What are the pros of collaboration with Built to Spill?
There's a level of comfort and relaxation. But, I've never felt that doing records with Doug was mundane and by the book. We always try to make it different — treat the songs, treat the album differently. He knows that, and I know that we're both on the same page looking for that excitement in the music. It's fun. He started off as a guy I just liked artistically, but he's turned into a really good friend.
What sort of unspoken communication has developed between you guys over the years?
There's moments when I know he's going to like something, or not going to like something. He'll be out there doing a guitar track and I don't really necessarily have to ask him if he thinks it's okay. I know he thinks it's good, or I'll know he's definitely going to want to do it again. Also, we listen back to something and know where to punch in, because it's not as hot as it was at some other point in the song. There's definitely that vibe of knowing each other's likes and dislikes.
What's the difference between the first album you did with Built to Spill, There's Nothing Wrong with Love, and the most recent album, Ancient Melodies of the Future?
Time. The time that we had to do it, that's one big difference, obviously. I think we did basic tracks for Nothing Wrong... in two days, which really isn't all that different from Ancient Melodies... We did those basics in three. We also get to go to better studios now, with much better equipment.
Did you record There's Nothing Wrong with Love at Word of Mouth Studio?
Yeah, it was called John and Stu's by then.
What gear did you have?
It think we had a 2" 16-track Ampex MM1200. We had a 12 channel API and a Mackie 16 channel board put together. Luckily we didn't mix it that way [laughs]. We mixed it once at Avast! [in Seattle] and then listened to it and thought there could be more stuff done to it overdub-wise. We went back and did some more overdubs and mixed it at John and Stu's again on a Quad Eight Ventura board they had just gotten in there.

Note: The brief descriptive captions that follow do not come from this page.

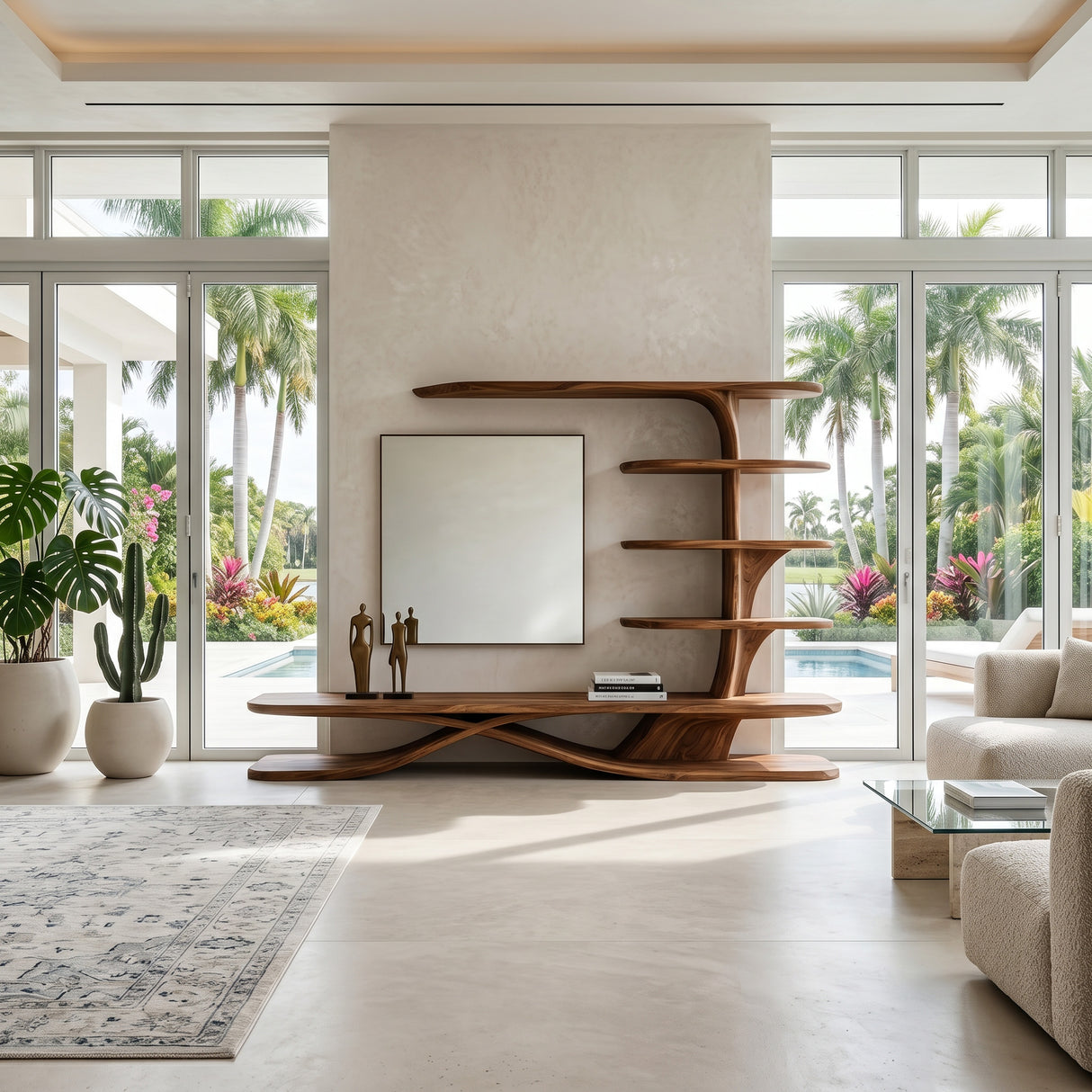 Contemporary TV Stand With Side Shelving For Living Room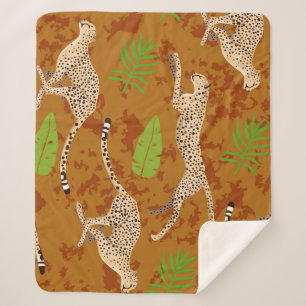 Cheetahs Leaves: Vintage Graphic Seamless Sherpa Blanket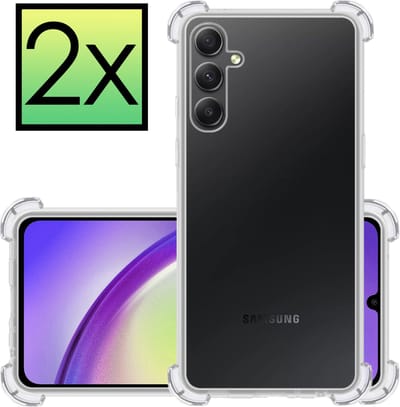 Hoesje - 2 Stuks - Geschikt voor Samsung Galaxy A34 - Sterk & Shockproof - Siliconen Case - Back Cover - Telefoon Hoes Shock Proof - Transparant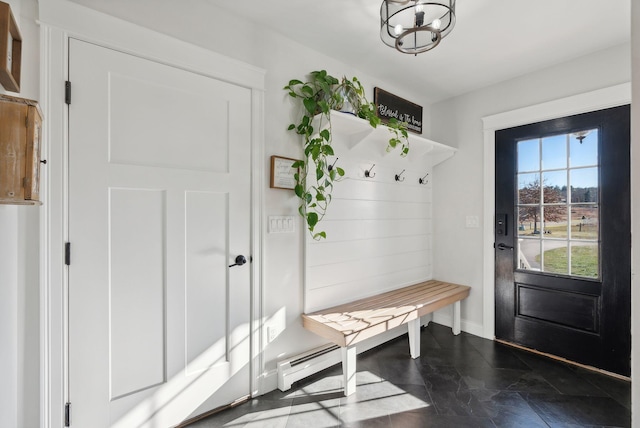 mudroom with a chandelier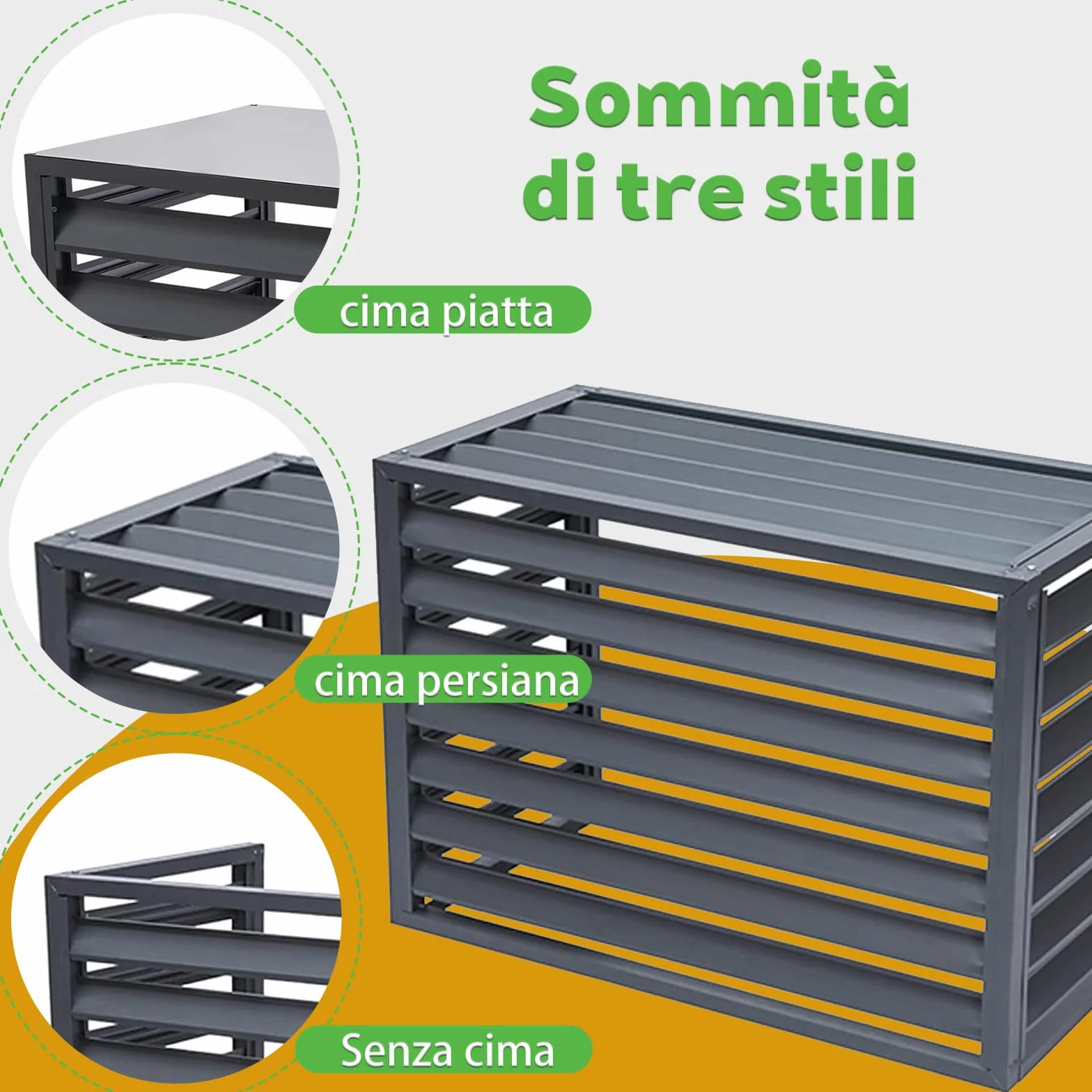 Dnowegas-Verniciatura Copertura pompa di calore da esterno Grigio Piano Sup 120×70×150(5P) Dissipazione Riduzione Rumore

Where was the last album tracked?
It was tracked at Bear Creek in Woodinville, Washington. They've got a Trident board and a Studer deck. We did overdubs at Avast!, they have an API and a Studer. We mixed it a place called the Factory up in Vancouver, B.C. They had, I believe, an Otari, and a Neve.
When you're recording Doug's guitars, what's he particular about?
He's more a one guitar guy than he is an amp guy. He brings in his stuff, which is pretty much old Fender stuff. He has...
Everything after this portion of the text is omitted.